Figure 3. Redox metabolite induces gametocytogenesis in malaria parasite.

(a,b) Represents in vivo induction of gametocytemia on DTT treatment. Mice infected with P. berghei were injected with DTT at concentrations 2, 20 and 50 mg/kg and gametocytemia was scored microscopically after 48 h hrs. (a) Dose-dependent increase in gametocytemia in mice injected with DTT (n = 4 in each set) compared to vehicle-treated mice. At 2 mg/kg, percentage gametocytemia was 9.167 ± 2.581(P = 0.0263, n = 3). At 20 mg/kg, percentage gametocytemia was 12.7 ± 1.767 (P = 0.0010, n = 3) and at 50 mg/kg. The percentage gametocytemia did not show further significant increase (at 50 mg/kg, percentage gametocytemia was 13.13 ± 0.40; P < 0.0001, n = 3) with increase in DTT dose. The asexual parasitemia remained similar at all doses. (b) qRT-PCR analysis showing fold change in AP2-G expression. The expression of AP2-G increased upto 20 mg/kg (6-folds) and then no further increase was observed with increase in DTT dosage. (c,d,e) represents induction of gametocytogenesis on homocysteine treatment (c) Mice infected with P. berghei were injected with homocysteine at concentrations 30 and 60 mg/kg (n = 4) and gametocytemia was scored microscopically after 48 hrs. Dose-dependent increase was seen with a 1.5-fold increase in the 30 mg/kg group (P = 0.026, n = 3) and a 2-fold increase in 60 mg/kg group (P = 0.029, n = 3) compared to vehicle treated mice.(d) P. falciparum cultures were treated with homocysteine at a concentration of 5 mM and 10 mM for 1 hr and gametocytemia was calculated on the fifth day. At a concentration of 5 mM, a 1.3-fold induction of gametocytemia was observed (P = 0.0153, n = 3). At 10 mM a 1.5-fold induction of gametocytemia was observed (P = 0.0091, n = 3). (e) P. falciparum cultures were treated with 5 mM homocysteine for 1 hr. qRT-PCR analysis showing a 1.5-fold upregulation of AP2-G expression with respect to actin (P = 0.0202, n = 3).

Figure 4. Pre-exposure of erythrocytes to homocysteine enhances gametocytogenesis.
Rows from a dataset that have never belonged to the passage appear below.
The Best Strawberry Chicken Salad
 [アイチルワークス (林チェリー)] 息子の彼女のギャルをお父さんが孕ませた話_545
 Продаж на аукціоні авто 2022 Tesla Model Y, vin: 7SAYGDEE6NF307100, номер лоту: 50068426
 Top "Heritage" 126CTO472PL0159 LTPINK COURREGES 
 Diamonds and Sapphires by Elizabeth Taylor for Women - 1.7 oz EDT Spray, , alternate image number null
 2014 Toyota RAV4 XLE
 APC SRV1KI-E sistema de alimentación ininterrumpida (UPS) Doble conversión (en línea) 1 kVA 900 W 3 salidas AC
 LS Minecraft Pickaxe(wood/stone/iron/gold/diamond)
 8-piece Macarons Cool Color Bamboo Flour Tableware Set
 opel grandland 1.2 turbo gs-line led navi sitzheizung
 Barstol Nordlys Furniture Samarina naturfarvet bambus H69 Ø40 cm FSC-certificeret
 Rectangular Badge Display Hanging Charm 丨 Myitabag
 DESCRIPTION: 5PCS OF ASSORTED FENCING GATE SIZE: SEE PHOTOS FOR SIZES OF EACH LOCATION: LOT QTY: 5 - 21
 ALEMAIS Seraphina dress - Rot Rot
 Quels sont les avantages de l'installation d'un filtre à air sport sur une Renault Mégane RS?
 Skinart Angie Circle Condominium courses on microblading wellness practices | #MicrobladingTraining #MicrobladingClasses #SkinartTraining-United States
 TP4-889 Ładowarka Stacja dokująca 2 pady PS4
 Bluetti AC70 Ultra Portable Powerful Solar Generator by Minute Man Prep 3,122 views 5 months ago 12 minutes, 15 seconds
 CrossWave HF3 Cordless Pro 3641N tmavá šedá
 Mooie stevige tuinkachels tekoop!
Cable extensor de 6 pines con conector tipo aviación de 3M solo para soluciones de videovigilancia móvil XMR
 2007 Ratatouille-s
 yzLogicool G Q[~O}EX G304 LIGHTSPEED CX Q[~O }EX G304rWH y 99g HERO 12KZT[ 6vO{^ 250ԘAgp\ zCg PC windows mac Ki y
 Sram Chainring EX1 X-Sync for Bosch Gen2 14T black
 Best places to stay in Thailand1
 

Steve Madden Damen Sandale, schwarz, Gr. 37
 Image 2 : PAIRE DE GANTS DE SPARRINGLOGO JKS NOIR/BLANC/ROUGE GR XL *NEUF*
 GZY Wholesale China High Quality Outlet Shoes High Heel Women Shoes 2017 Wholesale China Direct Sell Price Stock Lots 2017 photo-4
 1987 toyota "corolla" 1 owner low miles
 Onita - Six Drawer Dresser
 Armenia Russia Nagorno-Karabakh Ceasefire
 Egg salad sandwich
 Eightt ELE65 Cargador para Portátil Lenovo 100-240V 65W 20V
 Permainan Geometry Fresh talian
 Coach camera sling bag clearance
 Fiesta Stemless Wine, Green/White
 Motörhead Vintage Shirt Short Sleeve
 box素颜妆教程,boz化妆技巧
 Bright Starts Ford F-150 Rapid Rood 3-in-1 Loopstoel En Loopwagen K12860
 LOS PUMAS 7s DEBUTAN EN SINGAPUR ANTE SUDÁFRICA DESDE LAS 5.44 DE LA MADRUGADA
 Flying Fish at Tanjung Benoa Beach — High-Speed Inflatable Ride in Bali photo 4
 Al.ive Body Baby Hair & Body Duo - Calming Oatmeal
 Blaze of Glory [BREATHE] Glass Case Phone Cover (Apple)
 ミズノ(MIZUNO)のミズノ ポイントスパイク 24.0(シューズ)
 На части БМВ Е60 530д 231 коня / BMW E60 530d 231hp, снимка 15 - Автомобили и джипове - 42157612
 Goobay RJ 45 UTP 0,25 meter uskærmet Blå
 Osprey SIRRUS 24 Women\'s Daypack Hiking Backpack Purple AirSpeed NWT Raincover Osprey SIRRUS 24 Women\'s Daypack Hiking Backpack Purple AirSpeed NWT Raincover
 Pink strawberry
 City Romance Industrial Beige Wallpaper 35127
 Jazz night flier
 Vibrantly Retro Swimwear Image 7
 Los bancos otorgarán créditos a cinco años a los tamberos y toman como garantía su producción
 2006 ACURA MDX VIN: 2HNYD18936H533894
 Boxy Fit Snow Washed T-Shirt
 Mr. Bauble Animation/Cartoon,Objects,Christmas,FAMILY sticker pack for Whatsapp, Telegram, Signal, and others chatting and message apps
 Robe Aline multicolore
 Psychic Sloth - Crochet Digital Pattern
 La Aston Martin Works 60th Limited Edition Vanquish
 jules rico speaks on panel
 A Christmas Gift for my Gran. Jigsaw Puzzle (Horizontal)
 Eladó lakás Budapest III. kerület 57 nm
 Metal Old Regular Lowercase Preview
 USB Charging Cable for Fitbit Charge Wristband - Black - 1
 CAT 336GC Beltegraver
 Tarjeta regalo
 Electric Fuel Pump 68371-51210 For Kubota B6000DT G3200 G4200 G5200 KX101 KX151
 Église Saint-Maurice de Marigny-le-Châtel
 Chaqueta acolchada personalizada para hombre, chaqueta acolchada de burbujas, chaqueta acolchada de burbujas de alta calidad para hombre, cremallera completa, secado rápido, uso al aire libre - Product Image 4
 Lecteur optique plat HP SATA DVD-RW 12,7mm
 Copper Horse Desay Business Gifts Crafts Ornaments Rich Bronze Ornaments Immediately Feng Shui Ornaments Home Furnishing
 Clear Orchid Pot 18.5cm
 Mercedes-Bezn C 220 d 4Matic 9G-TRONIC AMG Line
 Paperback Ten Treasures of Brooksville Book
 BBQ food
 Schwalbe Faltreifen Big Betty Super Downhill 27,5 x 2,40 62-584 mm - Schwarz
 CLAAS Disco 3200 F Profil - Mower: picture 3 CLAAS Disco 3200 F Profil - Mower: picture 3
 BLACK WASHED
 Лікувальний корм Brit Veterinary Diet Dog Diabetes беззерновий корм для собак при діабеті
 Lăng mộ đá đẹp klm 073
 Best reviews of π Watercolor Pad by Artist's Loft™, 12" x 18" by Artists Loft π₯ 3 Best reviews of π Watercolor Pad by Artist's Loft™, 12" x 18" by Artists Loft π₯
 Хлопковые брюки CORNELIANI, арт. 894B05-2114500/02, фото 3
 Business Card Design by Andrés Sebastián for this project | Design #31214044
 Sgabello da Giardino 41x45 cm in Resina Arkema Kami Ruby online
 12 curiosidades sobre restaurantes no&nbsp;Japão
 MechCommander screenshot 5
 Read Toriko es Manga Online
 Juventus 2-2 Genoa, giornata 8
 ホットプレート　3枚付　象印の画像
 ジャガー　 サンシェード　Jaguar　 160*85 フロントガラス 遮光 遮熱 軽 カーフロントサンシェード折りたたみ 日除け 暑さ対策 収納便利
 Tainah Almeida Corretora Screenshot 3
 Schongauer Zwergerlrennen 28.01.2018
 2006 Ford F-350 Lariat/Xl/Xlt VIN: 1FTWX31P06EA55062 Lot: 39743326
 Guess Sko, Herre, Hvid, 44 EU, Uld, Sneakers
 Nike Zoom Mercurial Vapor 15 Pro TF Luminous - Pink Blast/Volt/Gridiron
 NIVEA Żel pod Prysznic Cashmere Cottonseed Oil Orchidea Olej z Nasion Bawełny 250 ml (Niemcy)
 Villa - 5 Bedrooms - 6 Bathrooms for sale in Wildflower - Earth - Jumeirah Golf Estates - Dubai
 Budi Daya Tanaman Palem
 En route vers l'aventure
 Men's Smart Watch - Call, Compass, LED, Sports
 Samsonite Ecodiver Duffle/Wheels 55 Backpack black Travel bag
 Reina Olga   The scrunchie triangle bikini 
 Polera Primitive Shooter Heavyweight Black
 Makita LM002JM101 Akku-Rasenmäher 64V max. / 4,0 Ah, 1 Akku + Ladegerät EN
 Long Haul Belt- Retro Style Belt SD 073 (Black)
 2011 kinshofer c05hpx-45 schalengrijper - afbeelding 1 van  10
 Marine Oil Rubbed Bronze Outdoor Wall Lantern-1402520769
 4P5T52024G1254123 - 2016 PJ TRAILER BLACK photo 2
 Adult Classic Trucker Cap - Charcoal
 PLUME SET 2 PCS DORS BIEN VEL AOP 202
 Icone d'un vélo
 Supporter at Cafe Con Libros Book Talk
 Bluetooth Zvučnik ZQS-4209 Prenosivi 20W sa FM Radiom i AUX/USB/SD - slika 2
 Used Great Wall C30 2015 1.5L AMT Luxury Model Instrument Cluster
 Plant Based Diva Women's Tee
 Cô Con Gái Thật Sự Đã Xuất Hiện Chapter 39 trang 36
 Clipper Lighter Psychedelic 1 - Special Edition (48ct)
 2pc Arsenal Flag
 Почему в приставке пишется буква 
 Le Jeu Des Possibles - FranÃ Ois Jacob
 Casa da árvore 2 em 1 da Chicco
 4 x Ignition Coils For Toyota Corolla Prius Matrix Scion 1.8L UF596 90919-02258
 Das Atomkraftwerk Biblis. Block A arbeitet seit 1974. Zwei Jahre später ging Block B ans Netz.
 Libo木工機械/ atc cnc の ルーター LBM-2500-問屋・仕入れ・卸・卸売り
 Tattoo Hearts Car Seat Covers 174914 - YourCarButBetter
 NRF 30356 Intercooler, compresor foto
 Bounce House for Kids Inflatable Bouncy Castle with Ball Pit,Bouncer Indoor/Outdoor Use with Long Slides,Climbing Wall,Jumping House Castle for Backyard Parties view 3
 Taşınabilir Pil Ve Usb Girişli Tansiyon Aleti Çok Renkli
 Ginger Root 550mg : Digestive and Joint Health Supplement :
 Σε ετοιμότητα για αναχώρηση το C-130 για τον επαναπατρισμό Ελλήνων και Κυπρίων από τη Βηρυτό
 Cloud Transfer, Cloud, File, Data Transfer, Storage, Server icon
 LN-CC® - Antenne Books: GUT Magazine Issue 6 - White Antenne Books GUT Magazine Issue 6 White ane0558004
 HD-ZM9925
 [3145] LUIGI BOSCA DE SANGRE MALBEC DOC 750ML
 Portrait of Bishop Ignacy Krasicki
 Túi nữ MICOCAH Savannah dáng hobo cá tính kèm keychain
Purified late trophozoites/schizonts were added to four sets of RBCs pretreated with vehicle or 20 μM homocysteine for 4 hrs and gametocyte count was taken on Day 5. Medium was replenished every 24 hrs. Set 1: normal RBC (nRBC) with normal medium (nMed) change. Set 2: normal RBC (nRBC) replenished with 20 μM homocysteine containing medium (HCy-Med). Set 3: 20 μM homocysteine pre-treated RBCs (HCy-RBC) in normal medium (nMed). Set 4: 20 μM homocysteine pre-treated RBCs (HCy-RBC) in 20 μM homocysteine containing medium (HCy-Med). (a) Figure shows fold change in gametocytogenesis in different sets. Set 1 served as control. Set 2 shows a 1.2-fold increase in gametocytemia. Experimental Sets 3 and 4 containing pre-treated homocysteine RBCs show 2.6 and 2.7-fold increase in gametocytemia, respectively (P < 0.0006, n = 3) (b) Representative microscopic images of the above mentioned experimental sets from Day 0 to Day 5. Parasites growing in homocysteine pre-treated RBC clearly showed progression towards gametocytogenesis.

Figure 5. Phylogenetic analysis of the transsulphuration pathway across parasitic protozoa.

(a) Phylogenetic tree was constructed using the Maximum Likelihood Method algorithm using sequences of the evolutionarily conserved Hsp90. The tree was drawn to scale and branch lengths correspond to number of substitutions per site. (b) To examine the evolution of the TS pathway, BLASTp analysis was performed to inspect the presence or absence of CBS and CGL across 11 phylogenetic relatives of Plasmodium taking Saccharomyces cerevisiae sequences as the template. Table shows the presence (+) or absence (−) of these enzymes in protozoan parasites.